Please read the records below and return each line holding the string "schwarz".

(Stored dataset items)
========================================
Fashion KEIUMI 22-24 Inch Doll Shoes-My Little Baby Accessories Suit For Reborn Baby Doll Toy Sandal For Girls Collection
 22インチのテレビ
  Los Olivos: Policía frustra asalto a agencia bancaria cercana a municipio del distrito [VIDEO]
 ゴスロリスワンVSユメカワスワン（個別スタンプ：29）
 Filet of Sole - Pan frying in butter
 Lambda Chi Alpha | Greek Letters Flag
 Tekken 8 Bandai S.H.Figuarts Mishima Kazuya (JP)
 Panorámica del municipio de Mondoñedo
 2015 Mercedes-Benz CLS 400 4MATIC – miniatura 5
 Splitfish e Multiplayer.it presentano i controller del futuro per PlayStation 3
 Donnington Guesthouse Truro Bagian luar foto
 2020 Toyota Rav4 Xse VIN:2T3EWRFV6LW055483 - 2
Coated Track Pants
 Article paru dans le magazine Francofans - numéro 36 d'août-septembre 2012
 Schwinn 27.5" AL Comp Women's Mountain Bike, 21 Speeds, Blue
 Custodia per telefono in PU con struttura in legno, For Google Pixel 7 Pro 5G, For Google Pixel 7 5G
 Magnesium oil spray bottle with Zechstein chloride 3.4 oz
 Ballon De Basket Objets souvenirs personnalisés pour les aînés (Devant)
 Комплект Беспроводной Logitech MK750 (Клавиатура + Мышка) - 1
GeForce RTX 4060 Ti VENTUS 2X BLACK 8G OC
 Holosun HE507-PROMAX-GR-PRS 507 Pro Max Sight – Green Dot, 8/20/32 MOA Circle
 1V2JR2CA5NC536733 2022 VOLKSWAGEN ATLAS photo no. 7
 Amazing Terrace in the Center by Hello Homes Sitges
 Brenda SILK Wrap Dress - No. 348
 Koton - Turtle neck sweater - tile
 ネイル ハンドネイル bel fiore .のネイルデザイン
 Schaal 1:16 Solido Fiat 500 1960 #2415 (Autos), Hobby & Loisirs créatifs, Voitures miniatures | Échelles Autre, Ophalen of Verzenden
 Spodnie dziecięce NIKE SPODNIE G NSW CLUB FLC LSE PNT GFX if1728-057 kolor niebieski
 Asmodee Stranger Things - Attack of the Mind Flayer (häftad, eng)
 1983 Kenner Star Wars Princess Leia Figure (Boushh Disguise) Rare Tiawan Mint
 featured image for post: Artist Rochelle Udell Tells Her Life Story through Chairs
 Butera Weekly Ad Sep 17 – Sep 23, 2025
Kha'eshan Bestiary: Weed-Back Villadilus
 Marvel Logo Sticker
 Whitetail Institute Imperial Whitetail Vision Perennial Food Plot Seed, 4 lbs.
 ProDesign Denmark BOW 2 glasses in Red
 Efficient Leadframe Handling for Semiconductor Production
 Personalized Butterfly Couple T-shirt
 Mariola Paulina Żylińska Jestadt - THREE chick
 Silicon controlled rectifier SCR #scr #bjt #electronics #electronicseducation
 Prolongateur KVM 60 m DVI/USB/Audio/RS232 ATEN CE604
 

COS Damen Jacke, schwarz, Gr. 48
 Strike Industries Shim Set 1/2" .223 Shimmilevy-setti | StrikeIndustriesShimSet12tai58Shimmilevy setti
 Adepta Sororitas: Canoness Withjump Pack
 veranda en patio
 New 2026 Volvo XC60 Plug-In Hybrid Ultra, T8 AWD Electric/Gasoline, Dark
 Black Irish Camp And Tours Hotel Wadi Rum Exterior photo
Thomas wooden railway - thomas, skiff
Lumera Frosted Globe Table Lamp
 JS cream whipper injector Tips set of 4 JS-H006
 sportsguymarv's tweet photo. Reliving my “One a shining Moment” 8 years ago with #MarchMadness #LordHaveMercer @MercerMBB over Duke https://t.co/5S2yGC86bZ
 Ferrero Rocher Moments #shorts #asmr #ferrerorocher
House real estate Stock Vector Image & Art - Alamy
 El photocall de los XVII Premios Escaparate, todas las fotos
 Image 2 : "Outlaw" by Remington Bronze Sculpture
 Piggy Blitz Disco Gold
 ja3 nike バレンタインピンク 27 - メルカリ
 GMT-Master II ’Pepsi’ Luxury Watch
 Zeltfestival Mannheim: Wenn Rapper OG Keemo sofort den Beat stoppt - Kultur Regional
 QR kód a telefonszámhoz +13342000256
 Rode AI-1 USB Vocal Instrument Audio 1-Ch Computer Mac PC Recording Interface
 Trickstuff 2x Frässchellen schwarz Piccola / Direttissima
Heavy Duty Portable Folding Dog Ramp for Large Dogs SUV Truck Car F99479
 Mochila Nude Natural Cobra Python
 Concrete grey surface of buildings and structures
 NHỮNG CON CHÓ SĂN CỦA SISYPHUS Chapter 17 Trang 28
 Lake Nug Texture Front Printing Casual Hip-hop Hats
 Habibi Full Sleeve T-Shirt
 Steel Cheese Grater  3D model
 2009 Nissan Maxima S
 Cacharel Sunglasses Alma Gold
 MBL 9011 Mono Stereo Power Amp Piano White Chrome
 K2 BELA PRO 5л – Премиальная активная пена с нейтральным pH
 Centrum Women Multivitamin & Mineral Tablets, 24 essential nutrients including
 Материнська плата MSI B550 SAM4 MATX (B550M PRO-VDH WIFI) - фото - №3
========================================
* SOLUTION TO THE PROBLEM *
COS Damen Jacke, schwarz, Gr. 48
 Trickstuff 2x Frässchellen schwarz Piccola / Direttissima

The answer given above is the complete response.